Lean is really comfortable for most entrepreneurs. Consider what happens when your trajectory isn’t good enough to land. We might fall into the chasm. We are afraid to take these leaps because we could get hurt. Fear takes over.
I have a problem with fear. It is an emotion. I’m not advocating that you control your emotions, you need to be aware of them and embrace them. Recognizing that fear is an emotion that you might have, do you want to let a feeling control how you build a business or reach a goal? Think of fears you’ve had in your life and ask yourself how many of them every actually came true? Very few, if any. Fear is a feeling that you have, it’s not a projection of what’s going to happen.
It’s difficult to not feel fear. Maybe we can harness it, making it a motivator.
You’ve heard Tony Robbins say, “If you want to take the island, burn the boats.” (It’s certainly meme-able, and he did it with more expletives.) The story references Spanish Conquistador Hernan Cortes in 1520 attempting to conquer Mexico. He told his troops to burn the boats so they couldn’t retreat - winning the battle was the only option, failing to do so would be deadly (literally). Cortes did win, but I wonder if it was more because they were ruthless conquistadors, not because they didn’t have an escape or retreat.
A few years ago, I read a post on Medium from a startup founder. They received an investment to build the company, started out strong, developed some revenue, and then failed! He shares that they were supposed to get acquired, but the deal fell through and they had no alternatives. Being without a backup or alternatives is a dangerous trajectory. They had to get this one deal done and if they didn’t, the company falls into the chasm.
If you are afraid to fail, does that motivate you to take big leaps? No. It’s more likely to have you make reckless or impulsive decisions, increasing the odds of failure. Fear should not be a motivator.
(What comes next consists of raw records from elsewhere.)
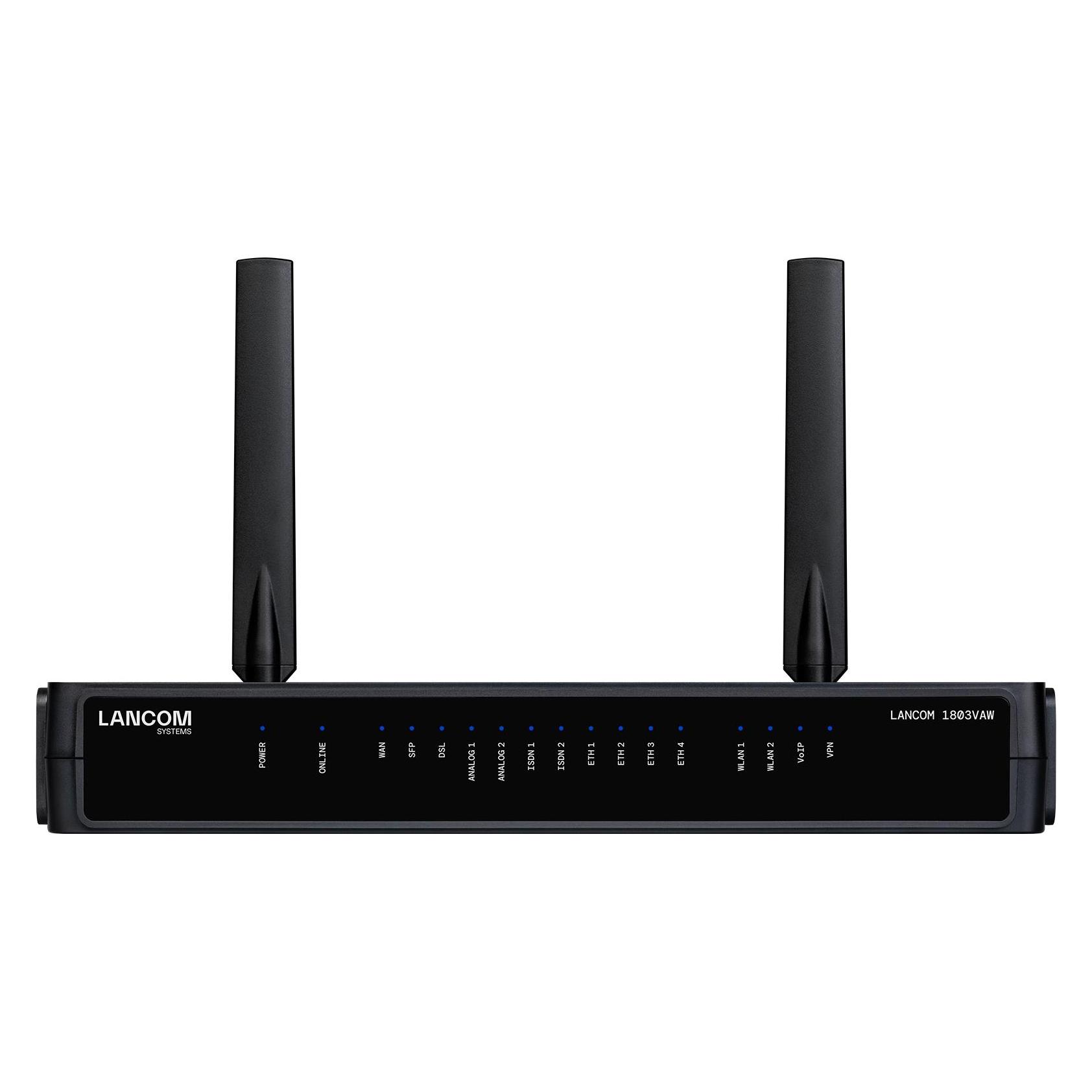 Lancom Systems SD-WAN VoIP Gateway mit VDSL2/ADSL2+-Mod (62154)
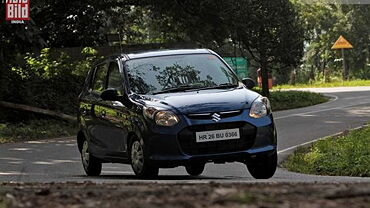 Maruti Suzuki Alto 800 [2012-2016] Driving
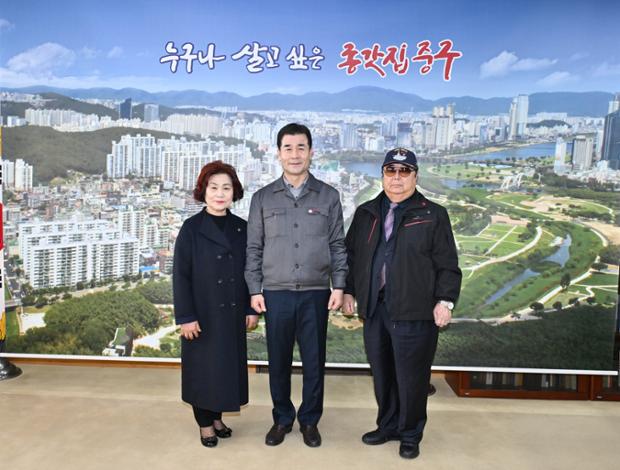 신임 보훈단체협의회장 내방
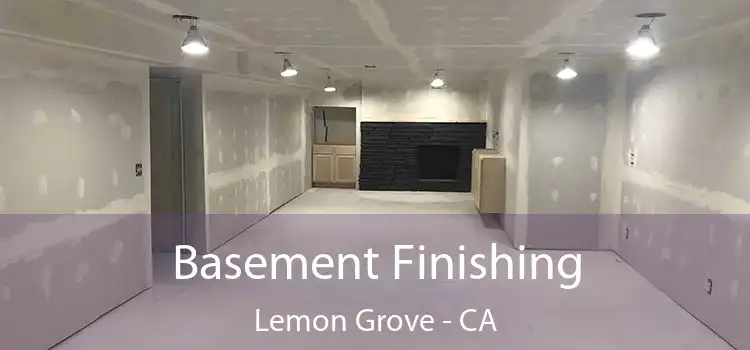  Basement Finishing Lemon Grove - CA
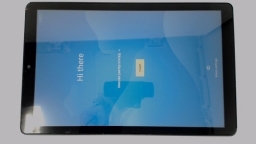 TCL Tab 8 4G 9137W (Black 32GB 3GB) MetroPCS SingleSIM CHIPPED CORNERS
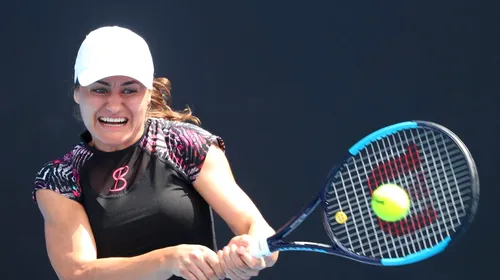 Monica Niculescu nu trece de turul inaugural în Slam-uri pentru a patra oară la rând. Adolescenta Anisimova pune o bornă importantă în carieră după duelul direct cu „Moni”, la Australian Open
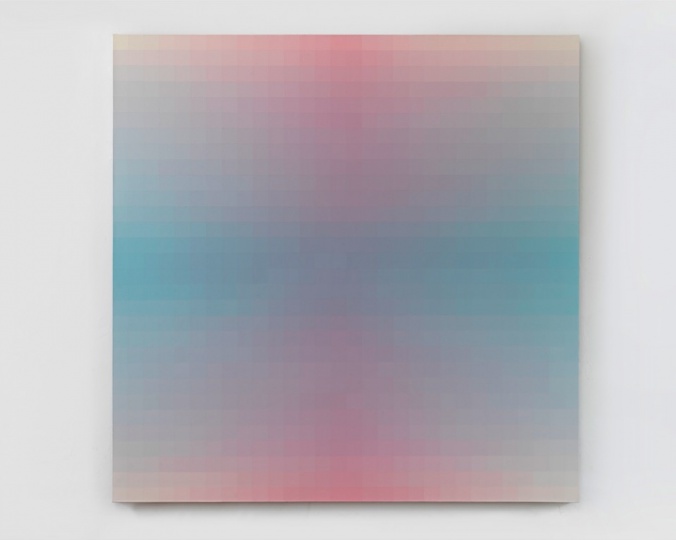 《900 201501》布面丙烯 210×210cm 2015
《900 201501》布面丙烯 210×210cm 2015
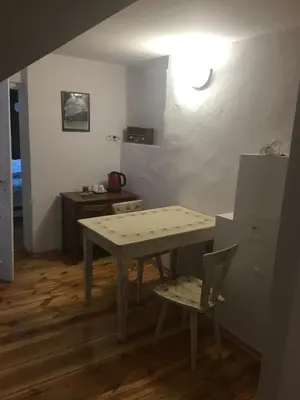 Plan piętra w obiekcie Cichy Apartament na Nowym Świecie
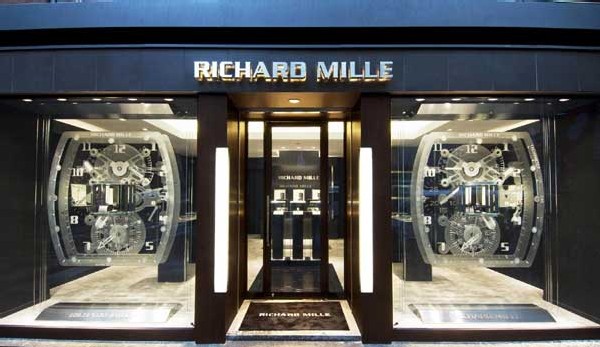 Boutique Richard Mille à Ginza au Japon Boutique Richard Mille à Ginza au Japon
While I was COO of CDNOW, a public company, there were market shifts (the start of the dotcom bust) that forced us to take a leap. We made plans to merge with Columbia House, a private company owned by Sony and Time Warner. On the last day they were able to terminate the deal, Sony and Time Warner backed out. It was nearly devastating. To a team, motivated by fear, this could have been a deadly fall into the chasm. We had backup plans, one to sell the company to another party, another to restructure. We pursued both in parallel, distracting, but not deadly. We sold to Bertelsmann as the cornerstone of their new e-commerce group and preserved $150M in revenue and 500 jobs. (A couple of years later, Bertelsmann did change their strategy and decided to shut it all down, a different lesson for a another story sometime.)
The leaps of merging with Columbia House, and it having fail, and the risks in the plans that followed, certainly did make us fearful about our ability to land and succeed. We didn’t let that fear drive how we were going to continue to build the business.
Out of Your Comfort Zone
The Jewish New Year 5779 was earlier this month. I went to a new synagogue, hearing new rabbis and new sermons. It made me wonder if I should hire Rabbis as coaches. Perhaps some of the clergy or leaders of faith in your life help positively shape your perspectives?
One of the Rabbis shared a story in his sermon of a man who asked G-d for $5,000. When you think of G-d, you probably assume he has an infinite bank account, so why not ask for $10,000 or $10,000,000. Why only $5,000? The person in the story doesn’t ask for more because they self-imposed limits. When we do not ask for $10,000,000, it is because we are trying to be kind or humble. But why not try and make the big leap? Another Rabbi the following day said, “You’re not living until you are out of your comfort zone.”
We need to focus on dreams and push our fears aside. Jordan Zimmerman, a speaker at the 10X conference, said “Chase your dreams, not your fears.” Whether we are planning our business, our careers, or our personal lives, we need to be prepared - and comfortable - to take leaps towards our dream. Forget our fears, accept them as emotions, and leap forward.